PROVIDED ENTRIES START
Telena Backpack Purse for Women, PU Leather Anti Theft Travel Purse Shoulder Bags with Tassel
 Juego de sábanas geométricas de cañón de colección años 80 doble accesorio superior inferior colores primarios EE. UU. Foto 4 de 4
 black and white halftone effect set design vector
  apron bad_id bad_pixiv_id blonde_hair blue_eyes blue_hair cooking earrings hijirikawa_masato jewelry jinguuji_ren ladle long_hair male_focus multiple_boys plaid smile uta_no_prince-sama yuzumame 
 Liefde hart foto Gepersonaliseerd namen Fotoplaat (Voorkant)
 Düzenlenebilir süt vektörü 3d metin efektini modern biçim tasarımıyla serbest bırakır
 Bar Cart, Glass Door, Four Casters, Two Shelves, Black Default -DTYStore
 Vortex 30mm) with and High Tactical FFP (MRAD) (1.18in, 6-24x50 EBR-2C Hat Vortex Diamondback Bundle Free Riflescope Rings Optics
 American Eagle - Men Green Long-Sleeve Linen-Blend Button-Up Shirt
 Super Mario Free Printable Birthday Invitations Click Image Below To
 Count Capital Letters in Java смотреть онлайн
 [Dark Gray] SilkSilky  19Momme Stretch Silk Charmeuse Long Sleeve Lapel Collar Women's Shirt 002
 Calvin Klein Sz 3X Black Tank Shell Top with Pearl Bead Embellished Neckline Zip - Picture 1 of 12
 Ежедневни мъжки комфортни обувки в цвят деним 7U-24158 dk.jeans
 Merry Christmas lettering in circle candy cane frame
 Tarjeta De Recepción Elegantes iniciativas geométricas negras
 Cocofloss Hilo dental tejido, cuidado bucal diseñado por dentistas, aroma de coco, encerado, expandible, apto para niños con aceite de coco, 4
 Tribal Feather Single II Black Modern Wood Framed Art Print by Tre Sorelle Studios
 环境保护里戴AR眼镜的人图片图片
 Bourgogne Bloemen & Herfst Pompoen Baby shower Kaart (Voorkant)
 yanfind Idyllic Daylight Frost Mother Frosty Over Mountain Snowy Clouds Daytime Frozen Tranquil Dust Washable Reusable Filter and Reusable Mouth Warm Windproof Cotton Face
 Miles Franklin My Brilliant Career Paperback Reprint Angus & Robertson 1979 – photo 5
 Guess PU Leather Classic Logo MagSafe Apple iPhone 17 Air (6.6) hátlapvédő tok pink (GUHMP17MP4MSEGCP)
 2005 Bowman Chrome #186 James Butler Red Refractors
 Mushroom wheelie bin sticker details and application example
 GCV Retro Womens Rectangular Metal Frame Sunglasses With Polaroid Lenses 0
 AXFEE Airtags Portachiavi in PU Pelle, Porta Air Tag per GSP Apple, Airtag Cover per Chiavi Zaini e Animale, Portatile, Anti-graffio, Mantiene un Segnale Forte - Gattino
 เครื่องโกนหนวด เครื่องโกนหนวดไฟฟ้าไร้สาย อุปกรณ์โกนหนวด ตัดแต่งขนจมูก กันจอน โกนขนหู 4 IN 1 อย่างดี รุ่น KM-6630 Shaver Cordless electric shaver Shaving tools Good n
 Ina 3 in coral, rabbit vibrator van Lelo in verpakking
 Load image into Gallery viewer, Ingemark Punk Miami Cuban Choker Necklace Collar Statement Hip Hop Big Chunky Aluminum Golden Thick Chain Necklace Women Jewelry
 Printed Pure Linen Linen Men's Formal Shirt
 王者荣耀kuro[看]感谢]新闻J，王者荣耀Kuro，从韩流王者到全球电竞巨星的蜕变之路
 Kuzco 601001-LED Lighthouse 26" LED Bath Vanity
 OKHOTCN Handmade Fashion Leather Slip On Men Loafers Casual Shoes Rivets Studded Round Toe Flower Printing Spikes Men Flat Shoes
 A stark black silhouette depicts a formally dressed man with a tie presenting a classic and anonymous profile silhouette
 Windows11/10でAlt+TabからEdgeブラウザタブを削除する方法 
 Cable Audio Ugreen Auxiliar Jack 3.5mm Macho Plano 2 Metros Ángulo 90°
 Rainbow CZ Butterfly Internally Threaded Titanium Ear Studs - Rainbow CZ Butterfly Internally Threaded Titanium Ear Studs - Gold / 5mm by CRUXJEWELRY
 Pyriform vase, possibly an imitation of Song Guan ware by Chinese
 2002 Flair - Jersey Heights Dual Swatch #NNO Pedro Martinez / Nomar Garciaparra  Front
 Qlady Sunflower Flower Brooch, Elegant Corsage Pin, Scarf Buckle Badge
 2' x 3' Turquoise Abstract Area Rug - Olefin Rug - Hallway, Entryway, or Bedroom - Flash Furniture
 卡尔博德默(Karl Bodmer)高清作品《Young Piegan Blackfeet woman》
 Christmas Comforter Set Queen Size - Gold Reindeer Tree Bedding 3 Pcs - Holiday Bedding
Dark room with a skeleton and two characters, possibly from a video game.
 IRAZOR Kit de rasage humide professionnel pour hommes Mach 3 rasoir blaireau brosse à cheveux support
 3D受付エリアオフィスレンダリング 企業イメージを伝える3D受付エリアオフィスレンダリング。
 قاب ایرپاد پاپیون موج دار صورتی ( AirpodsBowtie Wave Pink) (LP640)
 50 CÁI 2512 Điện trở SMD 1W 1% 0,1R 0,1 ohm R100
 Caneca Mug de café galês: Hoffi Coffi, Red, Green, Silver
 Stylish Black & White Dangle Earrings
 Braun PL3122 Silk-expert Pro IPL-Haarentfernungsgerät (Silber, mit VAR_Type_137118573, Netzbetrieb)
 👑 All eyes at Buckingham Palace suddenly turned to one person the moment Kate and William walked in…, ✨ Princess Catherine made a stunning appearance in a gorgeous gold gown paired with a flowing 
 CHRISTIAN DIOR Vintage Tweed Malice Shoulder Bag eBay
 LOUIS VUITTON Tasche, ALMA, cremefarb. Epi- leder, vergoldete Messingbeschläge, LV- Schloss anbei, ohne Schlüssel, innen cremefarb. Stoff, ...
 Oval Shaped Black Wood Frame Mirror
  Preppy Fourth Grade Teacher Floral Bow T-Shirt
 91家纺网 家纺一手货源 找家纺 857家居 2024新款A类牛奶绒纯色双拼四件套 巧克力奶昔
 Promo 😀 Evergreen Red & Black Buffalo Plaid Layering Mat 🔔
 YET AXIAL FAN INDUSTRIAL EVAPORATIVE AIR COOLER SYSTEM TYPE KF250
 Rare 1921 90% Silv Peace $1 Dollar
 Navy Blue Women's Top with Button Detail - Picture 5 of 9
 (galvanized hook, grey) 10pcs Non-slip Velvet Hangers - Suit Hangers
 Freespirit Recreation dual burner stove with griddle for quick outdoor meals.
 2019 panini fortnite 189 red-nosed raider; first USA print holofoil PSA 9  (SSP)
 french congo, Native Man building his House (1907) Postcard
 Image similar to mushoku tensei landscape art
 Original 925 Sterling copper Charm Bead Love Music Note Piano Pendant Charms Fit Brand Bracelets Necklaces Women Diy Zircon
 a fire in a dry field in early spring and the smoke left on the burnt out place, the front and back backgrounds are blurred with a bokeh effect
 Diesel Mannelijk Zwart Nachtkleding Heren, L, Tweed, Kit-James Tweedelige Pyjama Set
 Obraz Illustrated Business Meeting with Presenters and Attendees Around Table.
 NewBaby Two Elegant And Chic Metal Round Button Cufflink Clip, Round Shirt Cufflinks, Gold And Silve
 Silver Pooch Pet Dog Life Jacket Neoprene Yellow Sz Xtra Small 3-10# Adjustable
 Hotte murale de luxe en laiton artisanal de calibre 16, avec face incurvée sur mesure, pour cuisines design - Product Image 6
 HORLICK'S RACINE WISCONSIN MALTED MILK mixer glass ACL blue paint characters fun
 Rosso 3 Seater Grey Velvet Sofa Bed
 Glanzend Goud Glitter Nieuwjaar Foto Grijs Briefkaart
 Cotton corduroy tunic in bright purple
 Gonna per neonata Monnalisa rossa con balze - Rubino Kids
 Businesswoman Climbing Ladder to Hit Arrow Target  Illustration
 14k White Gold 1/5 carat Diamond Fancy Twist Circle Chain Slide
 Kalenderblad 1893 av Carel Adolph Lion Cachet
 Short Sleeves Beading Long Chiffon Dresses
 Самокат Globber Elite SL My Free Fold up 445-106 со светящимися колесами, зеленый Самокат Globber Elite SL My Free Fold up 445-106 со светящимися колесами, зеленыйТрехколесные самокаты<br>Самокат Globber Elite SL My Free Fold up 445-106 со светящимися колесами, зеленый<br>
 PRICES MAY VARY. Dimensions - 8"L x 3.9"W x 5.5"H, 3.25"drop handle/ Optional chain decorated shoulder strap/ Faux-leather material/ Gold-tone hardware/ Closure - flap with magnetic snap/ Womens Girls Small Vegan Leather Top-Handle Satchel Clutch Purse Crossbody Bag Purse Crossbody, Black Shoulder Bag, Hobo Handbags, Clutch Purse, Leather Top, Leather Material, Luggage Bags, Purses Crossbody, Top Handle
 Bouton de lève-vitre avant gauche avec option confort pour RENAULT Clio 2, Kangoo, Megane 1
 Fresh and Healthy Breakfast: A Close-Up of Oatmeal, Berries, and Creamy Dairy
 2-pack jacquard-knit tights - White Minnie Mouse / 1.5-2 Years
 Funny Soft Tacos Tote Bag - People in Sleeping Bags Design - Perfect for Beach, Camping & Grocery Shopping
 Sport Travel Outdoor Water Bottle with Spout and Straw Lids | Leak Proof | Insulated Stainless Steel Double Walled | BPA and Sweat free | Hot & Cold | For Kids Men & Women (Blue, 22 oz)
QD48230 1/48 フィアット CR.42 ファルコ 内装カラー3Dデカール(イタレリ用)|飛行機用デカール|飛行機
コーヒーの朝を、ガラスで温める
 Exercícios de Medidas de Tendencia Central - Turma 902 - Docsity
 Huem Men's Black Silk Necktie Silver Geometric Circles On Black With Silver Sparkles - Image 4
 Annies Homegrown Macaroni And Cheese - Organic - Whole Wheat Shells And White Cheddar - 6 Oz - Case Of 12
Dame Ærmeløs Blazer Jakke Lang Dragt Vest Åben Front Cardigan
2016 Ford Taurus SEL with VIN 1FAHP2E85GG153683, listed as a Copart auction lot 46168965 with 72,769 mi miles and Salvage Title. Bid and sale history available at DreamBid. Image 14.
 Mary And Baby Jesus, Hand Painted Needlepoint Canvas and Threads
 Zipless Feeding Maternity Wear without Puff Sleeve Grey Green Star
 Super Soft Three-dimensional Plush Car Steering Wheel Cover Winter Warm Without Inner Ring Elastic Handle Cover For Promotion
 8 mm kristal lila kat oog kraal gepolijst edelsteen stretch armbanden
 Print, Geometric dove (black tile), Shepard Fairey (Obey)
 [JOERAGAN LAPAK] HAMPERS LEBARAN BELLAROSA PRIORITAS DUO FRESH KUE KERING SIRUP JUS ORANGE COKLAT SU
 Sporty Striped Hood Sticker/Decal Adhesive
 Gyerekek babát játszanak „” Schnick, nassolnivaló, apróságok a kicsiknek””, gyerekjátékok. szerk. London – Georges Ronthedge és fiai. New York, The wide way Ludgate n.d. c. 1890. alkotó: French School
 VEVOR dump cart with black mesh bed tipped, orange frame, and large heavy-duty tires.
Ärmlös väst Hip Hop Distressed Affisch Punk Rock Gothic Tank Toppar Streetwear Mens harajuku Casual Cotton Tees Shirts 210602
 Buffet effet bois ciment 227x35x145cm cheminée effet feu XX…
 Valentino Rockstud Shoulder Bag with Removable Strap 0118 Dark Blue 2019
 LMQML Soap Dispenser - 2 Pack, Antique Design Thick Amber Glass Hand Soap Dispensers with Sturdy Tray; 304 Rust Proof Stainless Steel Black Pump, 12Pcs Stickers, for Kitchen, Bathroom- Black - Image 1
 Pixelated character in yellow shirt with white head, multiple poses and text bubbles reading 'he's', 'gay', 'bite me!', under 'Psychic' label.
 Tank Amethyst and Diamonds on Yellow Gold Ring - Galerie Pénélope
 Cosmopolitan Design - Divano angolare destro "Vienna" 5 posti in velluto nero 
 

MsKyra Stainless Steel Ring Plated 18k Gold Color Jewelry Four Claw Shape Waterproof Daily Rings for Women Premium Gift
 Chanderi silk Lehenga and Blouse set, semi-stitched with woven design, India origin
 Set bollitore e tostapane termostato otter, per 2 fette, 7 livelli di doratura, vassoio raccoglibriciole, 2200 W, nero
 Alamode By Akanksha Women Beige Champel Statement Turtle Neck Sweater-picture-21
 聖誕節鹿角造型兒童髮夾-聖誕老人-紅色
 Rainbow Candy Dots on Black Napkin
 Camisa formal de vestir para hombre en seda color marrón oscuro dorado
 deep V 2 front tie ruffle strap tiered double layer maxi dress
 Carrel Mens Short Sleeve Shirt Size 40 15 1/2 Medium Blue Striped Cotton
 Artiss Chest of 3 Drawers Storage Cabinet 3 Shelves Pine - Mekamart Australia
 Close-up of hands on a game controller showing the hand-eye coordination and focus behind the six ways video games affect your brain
PROVIDED ENTRIES END
▶ _HOW TO COMPLETE THIS TASK_: Reproduce the line containing "LMQML Soap Dispenser" and every line after it. Stop at the last line of the records, and add nothing.

▶ _TASK RESPONSE_:
 LMQML Soap Dispenser - 2 Pack, Antique Design Thick Amber Glass Hand Soap Dispensers with Sturdy Tray; 304 Rust Proof Stainless Steel Black Pump, 12Pcs Stickers, for Kitchen, Bathroom- Black - Image 1
 Pixelated character in yellow shirt with white head, multiple poses and text bubbles reading 'he's', 'gay', 'bite me!', under 'Psychic' label.
 Tank Amethyst and Diamonds on Yellow Gold Ring - Galerie Pénélope
 Cosmopolitan Design - Divano angolare destro "Vienna" 5 posti in velluto nero 
 

MsKyra Stainless Steel Ring Plated 18k Gold Color Jewelry Four Claw Shape Waterproof Daily Rings for Women Premium Gift
 Chanderi silk Lehenga and Blouse set, semi-stitched with woven design, India origin
 Set bollitore e tostapane termostato otter, per 2 fette, 7 livelli di doratura, vassoio raccoglibriciole, 2200 W, nero
 Alamode By Akanksha Women Beige Champel Statement Turtle Neck Sweater-picture-21
 聖誕節鹿角造型兒童髮夾-聖誕老人-紅色
 Rainbow Candy Dots on Black Napkin
 Camisa formal de vestir para hombre en seda color marrón oscuro dorado
 deep V 2 front tie ruffle strap tiered double layer maxi dress
 Carrel Mens Short Sleeve Shirt Size 40 15 1/2 Medium Blue Striped Cotton
 Artiss Chest of 3 Drawers Storage Cabinet 3 Shelves Pine - Mekamart Australia
 Close-up of hands on a game controller showing the hand-eye coordination and focus behind the six ways video games affect your brain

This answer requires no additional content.